_Problem description_. Give the entries again exactly as they appear, but without the images.

[Caption-style text data]
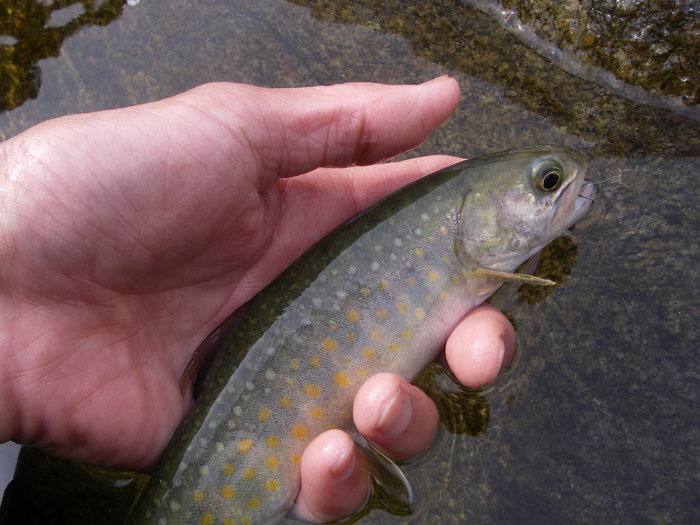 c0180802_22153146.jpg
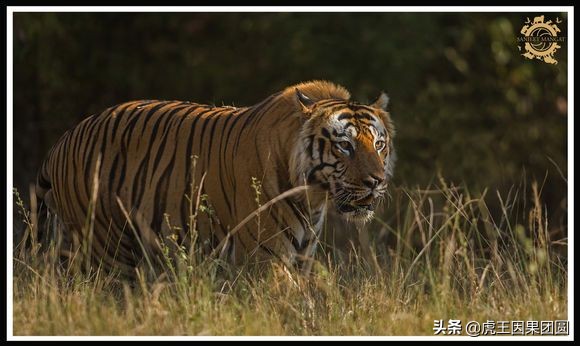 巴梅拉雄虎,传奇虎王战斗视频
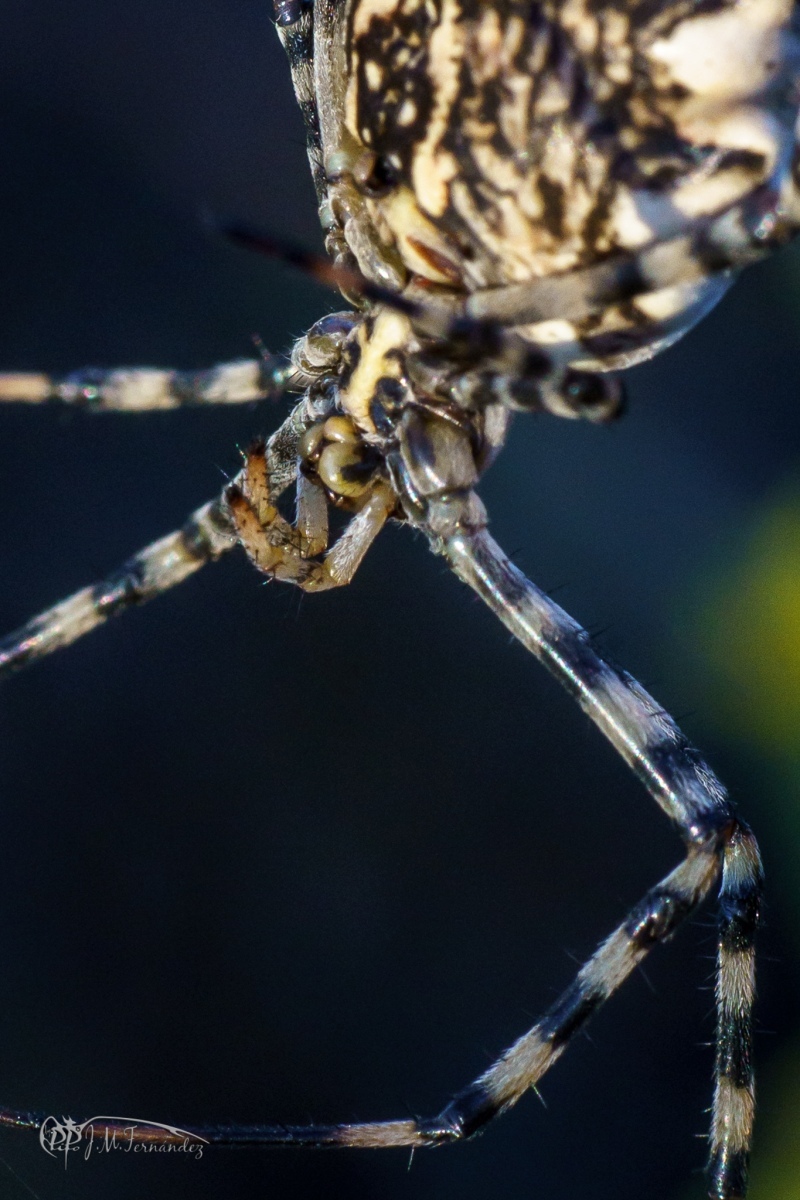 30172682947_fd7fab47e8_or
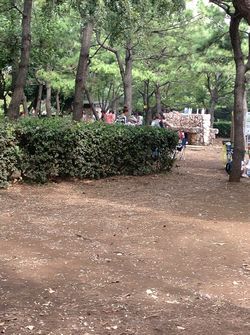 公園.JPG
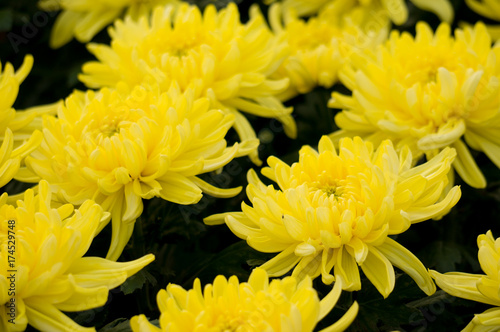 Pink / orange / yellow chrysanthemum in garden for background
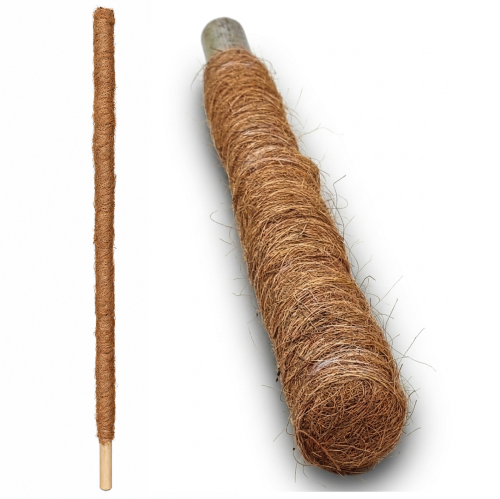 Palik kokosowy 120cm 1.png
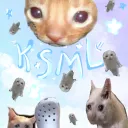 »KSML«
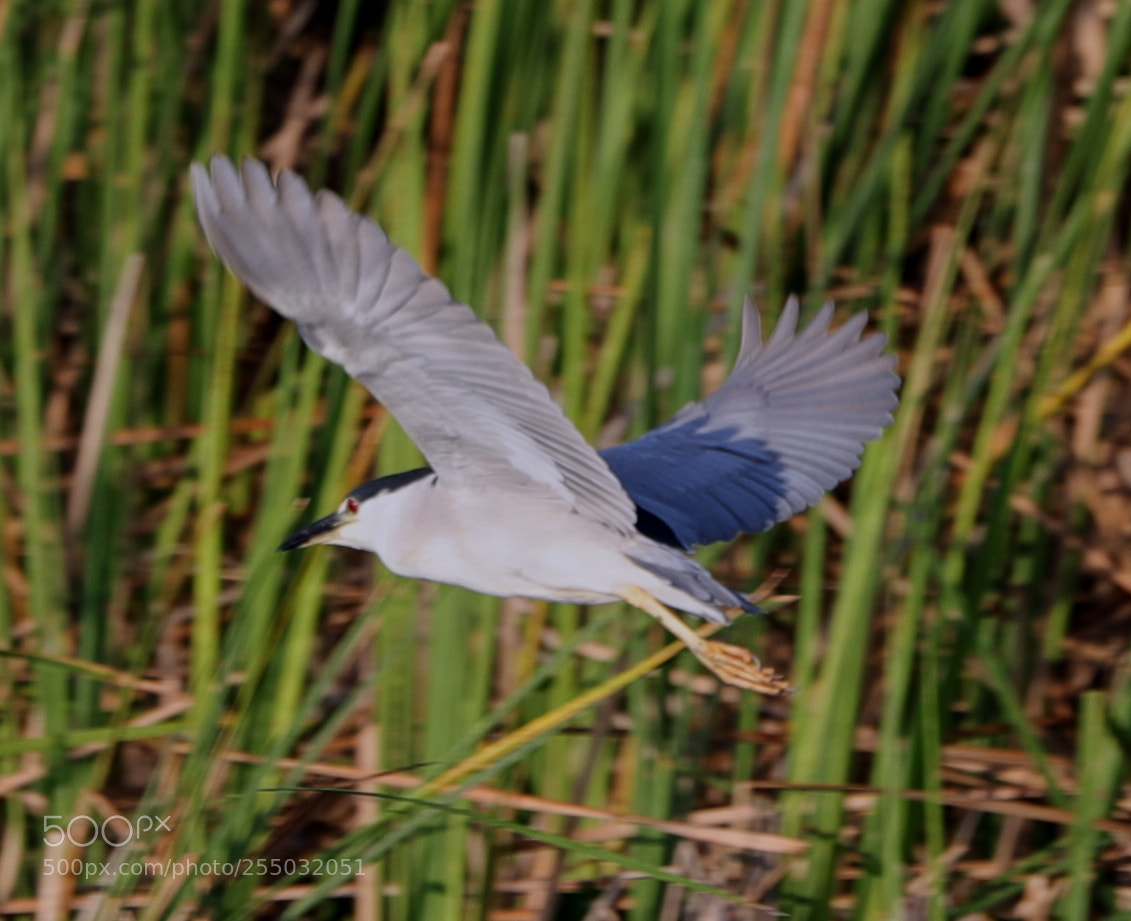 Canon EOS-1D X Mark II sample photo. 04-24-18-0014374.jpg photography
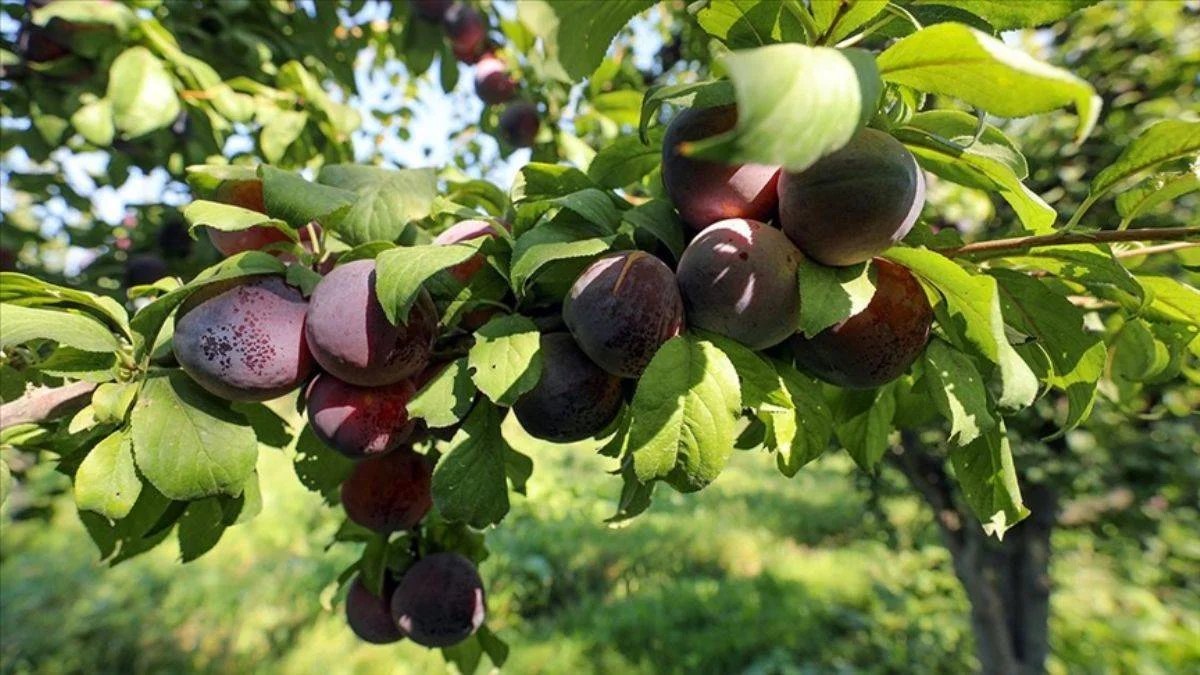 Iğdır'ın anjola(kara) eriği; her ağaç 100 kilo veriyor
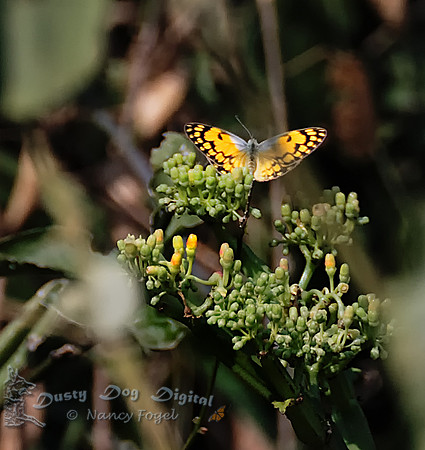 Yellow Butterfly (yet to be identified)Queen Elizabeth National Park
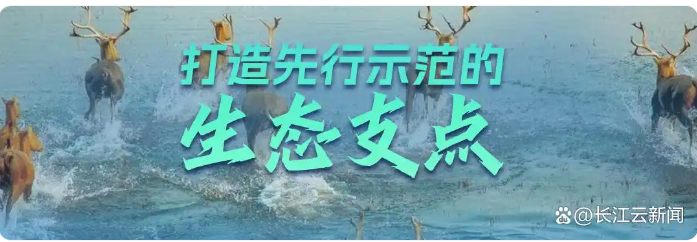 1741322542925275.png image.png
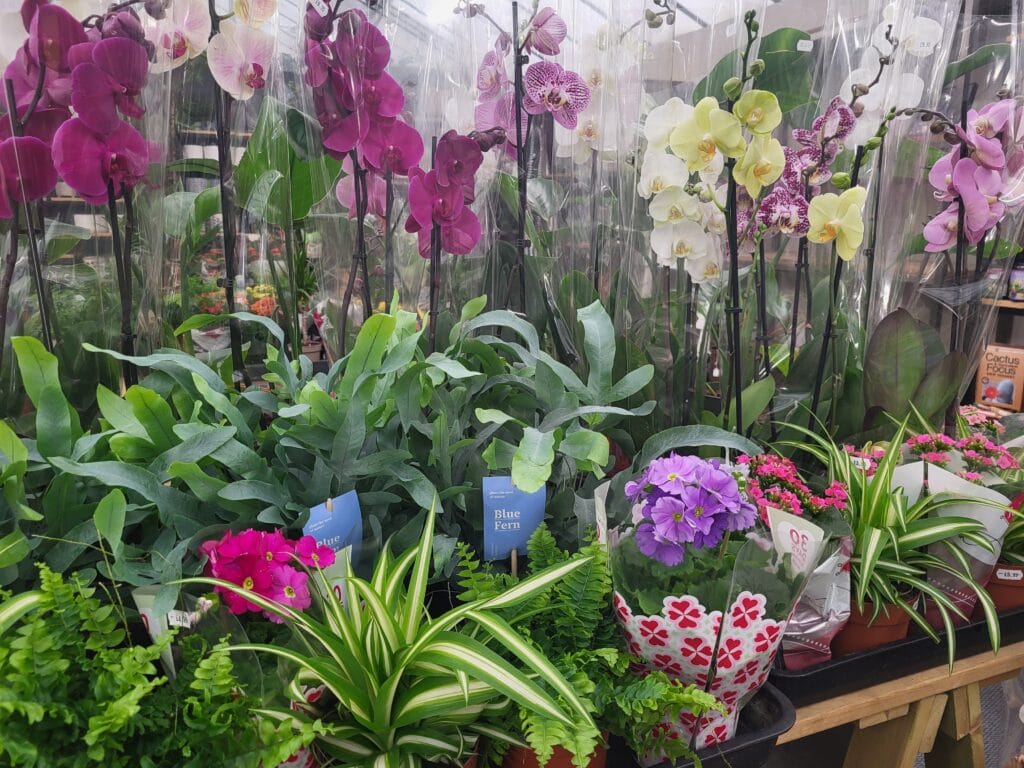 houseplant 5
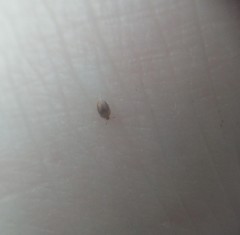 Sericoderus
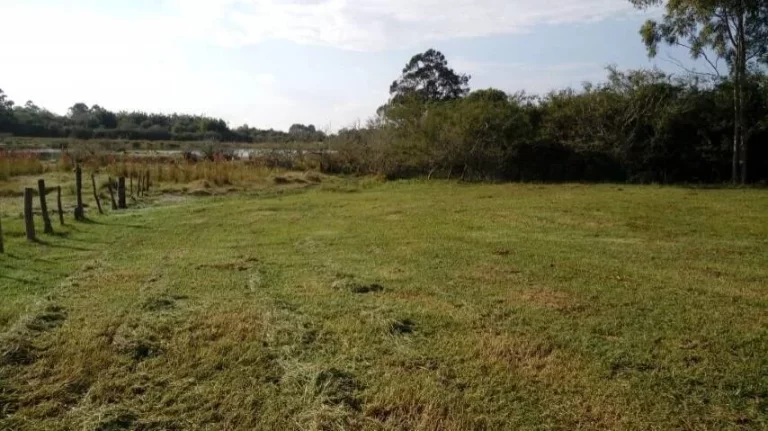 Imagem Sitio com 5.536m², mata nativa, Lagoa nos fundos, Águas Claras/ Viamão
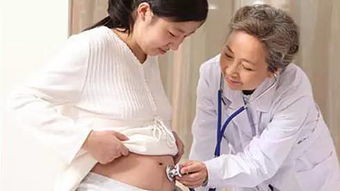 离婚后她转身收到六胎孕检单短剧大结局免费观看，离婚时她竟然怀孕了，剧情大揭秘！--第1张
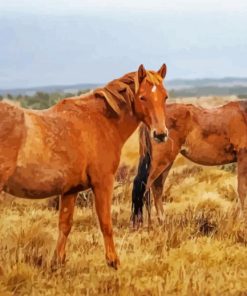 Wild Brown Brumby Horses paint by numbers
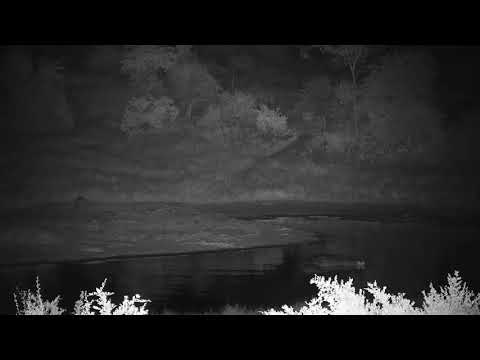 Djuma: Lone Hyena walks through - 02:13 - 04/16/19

_Expected answer_.
 c0180802_22153146.jpg
 巴梅拉雄虎,传奇虎王战斗视频
 30172682947_fd7fab47e8_or
 公園.JPG
 Pink / orange / yellow chrysanthemum in garden for background
 Palik kokosowy 120cm 1.png
 »KSML«
 Canon EOS-1D X Mark II sample photo. 04-24-18-0014374.jpg photography
 Iğdır'ın anjola(kara) eriği; her ağaç 100 kilo veriyor
 Yellow Butterfly (yet to be identified)Queen Elizabeth National Park
 1741322542925275.png image.png
 houseplant 5
 Sericoderus
 Imagem Sitio com 5.536m², mata nativa, Lagoa nos fundos, Águas Claras/ Viamão
 离婚后她转身收到六胎孕检单短剧大结局免费观看，离婚时她竟然怀孕了，剧情大揭秘！--第1张
 Wild Brown Brumby Horses paint by numbers
 Djuma: Lone Hyena walks through - 02:13 - 04/16/19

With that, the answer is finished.